But when you lock yourself in the studio with a band, to create, it doesn’t rock. I don’t like it. I can’t write with a band, because everything is too raw. You lock yourself with some drums, a bass, a guitar, and they play like three tunes. Besides, the bands work with the concept of demos, of, “We’ll work this over later.” “OK, but I need something that gets me hard now, or I can’t write.” I can’t write with some guitar riff there. Then, it’s interesting because I latch onto a sample of some producer and I ask him, “Loop this for me,” and it’s an ugly, crude piano. But that does give me something to write on. Other times the band doesn’t have that. I couldn’t get that feeling with a band yet.

Serko Fu

And for example, now you’re telling me that you’ll be in festivals with a band, is it a band that’s covering your songs, in the same style as the instrumentals? Or could it have a more rock-like vibe?

Toteking

Sometimes they recreate songs that have that vibe already, like “Mentiras,” that’s perfect because it’s a rock sample. And other times they simply write arrangements over beats my DJ gives them. But sometimes what we do is take Jimi Hendrix classics, or good rock songs that we like and I adapt my raps over them, like I did with “Matemáticas” and the Kyuss song. And then it’s really cool. At the show it’s cool, and I think it’s a format in which a band works.

Serko Fu

And going back to the scene, I saw that you recently did a collab with these guys... Waor? Yeah, a duo. And I’ve seen that MC duos are a thing again. In some of your songs you say that Spanish rap is dead or that it’s dying, or you nod to that idea. Is that simply wordplay? Or do you really think that a time has come in which it’s stuck? And if so, why?

Toteking

Well, I don’t think it’s dead. I don’t remember, I was thinking where I could’ve said that, but yeah. I don’t think it’s dead, but I do think… And this is a reflection pertinent to the whole world, and it’s not only about rap but every genre that’s come out and everything they call urban music. What I do believe is that the scales were too uneven and that we live in a time that’s the opposite of before. We had a time in which, it’s true that it was a lot, rappers told tales, and talked about semi-intellectual concepts, rap songs that were about things, had a topic, and now we’ve gone over to the opposite side. You only hear stupid things at all times. And in every genre.

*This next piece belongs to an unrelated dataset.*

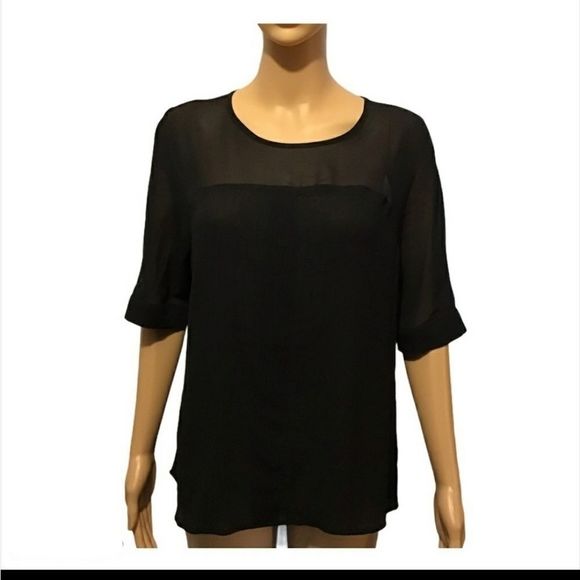 tazmoet's tweet photo. So good I had to share! Check out all the items I'm loving on @Poshmarkapp #poshmark #fashion #style #shopmycloset #saksfifthavenueblacklabel #elietahari #athleta: https://t.co/XJ82MEuHaW https://t.co/oTCofM45gj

I’m interested in literature, I’m interested in art, I read. And when I see people using such poor language I get bored. But it’s not that I think it’s wrong, perhaps I’m the problem. I’m 40 years old, and I’m no longer in tune with the kids.

I want to say that before everything made you think, and now everything is for dancing and having sex. I think music is a huge spectrum, with thousands of things in the middle. They can’t be all lyrics for thinking and pondering life and reflecting, or all things for smoking and sniffing and having sex. I mean, between those two things there are a million others. And millions of people want to hear them.

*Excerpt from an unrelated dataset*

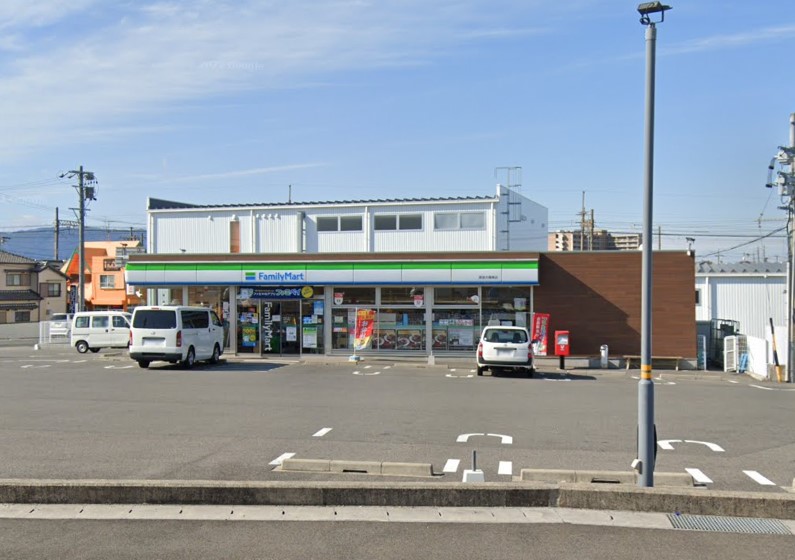 コンビニ　ファミリーマート 尾張大橋東店（コンビニ）まで302m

I don’t know, it’s all stupid, everywhere. It’s all nonsense. And it’s a shame. But I don’t think that it’s just rap, it’s in general, every genre of music.

Serko Fu

For example you mentioned that you’re 40 now, right? And you say that perhaps it’s that, “I’m 40 years old.” You’re one of the few MCs that are still active or relevant. Do you think that has to do with it? That perhaps music is like that, because there aren’t any more people doing things like this?

Toteking

Doing things like mine?

Serko Fu

No, I mean, things in a broader spectrum of topics. Maybe I’m wrong, and there are more people your age or from your generation. But I don’t think many of them are creating things. Why?

Toteking

Man, it’s a fact of life, in music, in art in general, you have to die, and new people have to come in. And if you don’t accept that you have a problem. I tell you, I don’t think that it’s so much because there aren’t many people from my generation saying things, or because there are too many new people. I don’t think that it’s an “old people or young people” problem. I think it’s a problem regarding general poverty, all around the world, at such high levels, that the intellectual level is underground.

I mean, the songs, to give you an example, many hits that people all around the world listen to, are so poorly written and have grammatical errors, and they use only three words, man! I mean, a song that’s a bridge and a chorus, because they’re not songs, they repeat bridge and chorus, and then it’s over. In my time, at least, there were rappers, or people who threw text there. Nowadays the credit would have to go to the producer. Nowadays it shouldn’t be the singer’s song, it should be the producer’s song, because the ones doing things on top of that are speakers.

Today we live a generation of people who just speak. They shout a couple sentences over a beat, “Give credit to the producer!” “You’re a clown who just shouts some words.” Do you get where I’m going with this? In those couple sentences there are 20 grammatical errors! You’re using your damn language wrong! I don’t understand what you’re saying!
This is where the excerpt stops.